It was exactly two years ago when Palestinian prisoners wrested concessions from Israeli prison authorities after a weeks-long hunger strike that brought two men to the brink of death. But last month, a new hunger strike began among administrative detainees–Palestinians held without charge or trial in Israeli jails for alleged crimes committed against occupation authorities or civilians.
Over 100 prisoners are now refusing food–though they are drinking water and salt–in an attempt to pressure Israel to end its policy of holding prisoners on secret evidence with no recourse to challenge their detention in court. The hunger strike is taking place inside the walls of Ofer, Meggido and Naqab prisons.
The use of administrative detention was one of the issues that fueled the last major Palestinian prisoner hunger strike in 2012, when 2,000 people engaged in the protest. The Israel Prison Service (IPS) agreed to a number of Palestinian demands to end the strike, including the end of long-term isolation of prisoners and family visits for prisoners from Gaza, though Israel has continued to bar some of the children of prisoners from the coastal strip from visiting. The IPS also said they would not renew or implement any new administrative detention orders unless there was a grave security risk to Israel from the prisoners. In return, Israel said that Palestinian prisoners agreed to halt “terrorist activity” within prisons.
There was widespread skepticism at the time on whether Israel would follow through on the administrative detention concession. Now, prisoners and the rights group Addameer that is backing them say that Israel has reneged on its commitment to lessen administrative detention.

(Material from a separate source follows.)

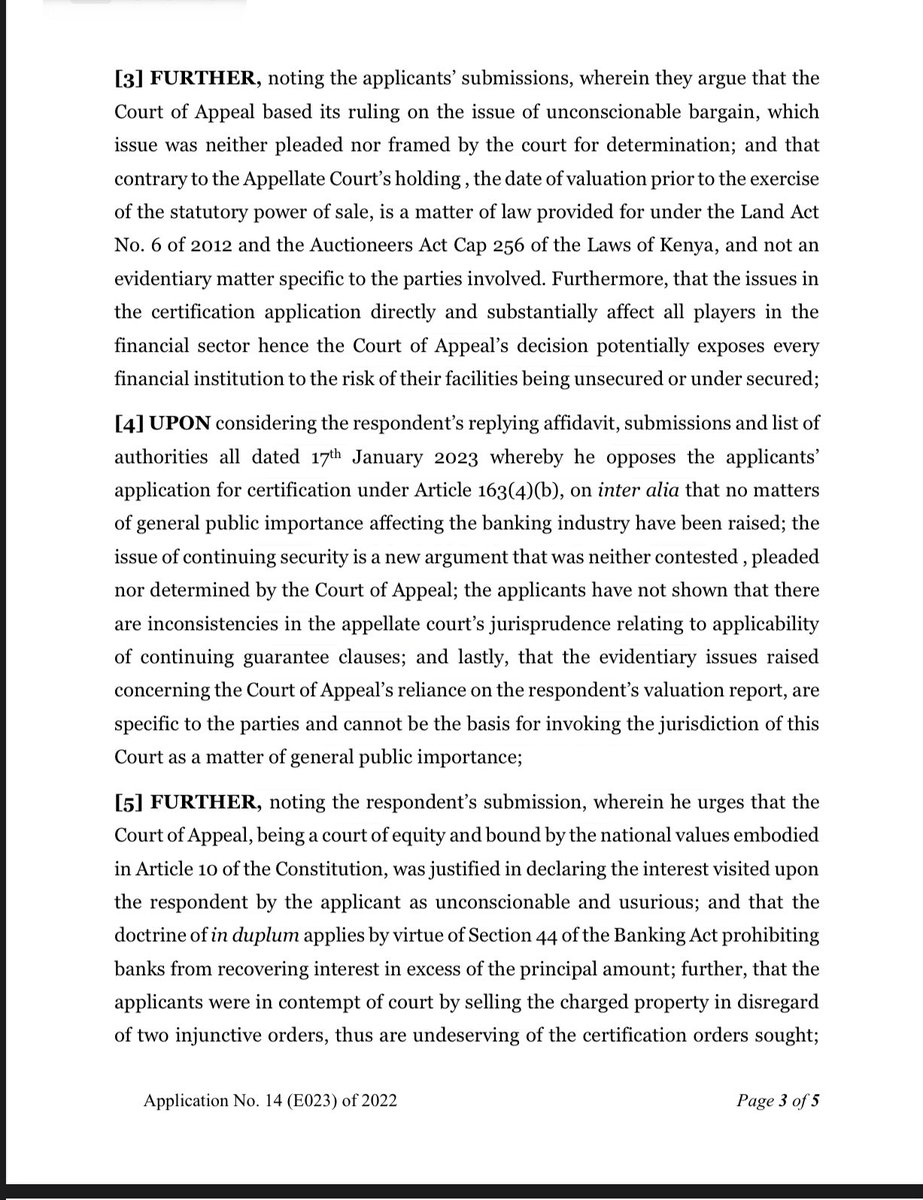 Caxstone P. Kigata tweet media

According to the Israeli human rights group B’Tselem, there has been a steady increase in administrative detainees since August 2013. In total, 191 prisoners are held under administrative detention. Israel has renewed administrative detention orders for some prisoners and implemented new orders despite the 2012 agreement.
Holding prisoners without charge or trial is permitted under international law, but only to prevent a danger that couldn’t be stopped in a less punitive fashion. Human rights organizations within Israel/Palestine and abroad have accused Israel of violating international law by engaging in the widespread use of administrative detention.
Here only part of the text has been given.